:: Data

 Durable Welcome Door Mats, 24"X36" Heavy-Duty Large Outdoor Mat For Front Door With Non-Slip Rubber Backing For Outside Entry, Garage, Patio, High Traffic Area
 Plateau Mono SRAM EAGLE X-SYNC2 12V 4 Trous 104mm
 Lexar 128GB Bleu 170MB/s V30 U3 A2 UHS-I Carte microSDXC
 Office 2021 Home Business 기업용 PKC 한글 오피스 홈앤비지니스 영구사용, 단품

::::

• **Problem**: From the line containing "Plateau Mono SRAM" through the final line of the listing above, retype every line exactly; leave out everything else.

• **Response area**:
 Plateau Mono SRAM EAGLE X-SYNC2 12V 4 Trous 104mm
 Lexar 128GB Bleu 170MB/s V30 U3 A2 UHS-I Carte microSDXC
 Office 2021 Home Business 기업용 PKC 한글 오피스 홈앤비지니스 영구사용, 단품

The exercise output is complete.